## Exercise:
Nothing but the lines from the one that contains "NTK Automatic Transmission" through the end of the listing should appear, set down exactly.

## Provided entries:

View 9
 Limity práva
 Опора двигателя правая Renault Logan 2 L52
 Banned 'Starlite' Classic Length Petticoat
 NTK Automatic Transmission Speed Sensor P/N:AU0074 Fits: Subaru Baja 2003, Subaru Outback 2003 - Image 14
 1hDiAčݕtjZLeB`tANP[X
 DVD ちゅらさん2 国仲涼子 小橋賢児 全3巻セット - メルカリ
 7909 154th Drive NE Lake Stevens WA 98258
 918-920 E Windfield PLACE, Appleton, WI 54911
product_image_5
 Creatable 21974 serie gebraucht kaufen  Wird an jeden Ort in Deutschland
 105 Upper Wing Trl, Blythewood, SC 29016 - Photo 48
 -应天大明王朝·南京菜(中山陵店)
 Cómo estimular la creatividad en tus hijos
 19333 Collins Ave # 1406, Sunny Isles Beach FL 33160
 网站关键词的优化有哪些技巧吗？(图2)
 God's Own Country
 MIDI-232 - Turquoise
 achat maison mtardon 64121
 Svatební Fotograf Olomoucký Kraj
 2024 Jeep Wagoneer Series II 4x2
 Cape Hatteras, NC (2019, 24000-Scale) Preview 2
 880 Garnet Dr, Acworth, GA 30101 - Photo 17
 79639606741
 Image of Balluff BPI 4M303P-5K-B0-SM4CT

## Solution:
 NTK Automatic Transmission Speed Sensor P/N:AU0074 Fits: Subaru Baja 2003, Subaru Outback 2003 - Image 14
 1hDiAčݕtjZLeB`tANP[X
 DVD ちゅらさん2 国仲涼子 小橋賢児 全3巻セット - メルカリ
 7909 154th Drive NE Lake Stevens WA 98258
 918-920 E Windfield PLACE, Appleton, WI 54911
product_image_5
 Creatable 21974 serie gebraucht kaufen  Wird an jeden Ort in Deutschland
 105 Upper Wing Trl, Blythewood, SC 29016 - Photo 48
 -应天大明王朝·南京菜(中山陵店)
 Cómo estimular la creatividad en tus hijos
 19333 Collins Ave # 1406, Sunny Isles Beach FL 33160
 网站关键词的优化有哪些技巧吗？(图2)
 God's Own Country
 MIDI-232 - Turquoise
 achat maison mtardon 64121
 Svatební Fotograf Olomoucký Kraj
 2024 Jeep Wagoneer Series II 4x2
 Cape Hatteras, NC (2019, 24000-Scale) Preview 2
 880 Garnet Dr, Acworth, GA 30101 - Photo 17
 79639606741
 Image of Balluff BPI 4M303P-5K-B0-SM4CT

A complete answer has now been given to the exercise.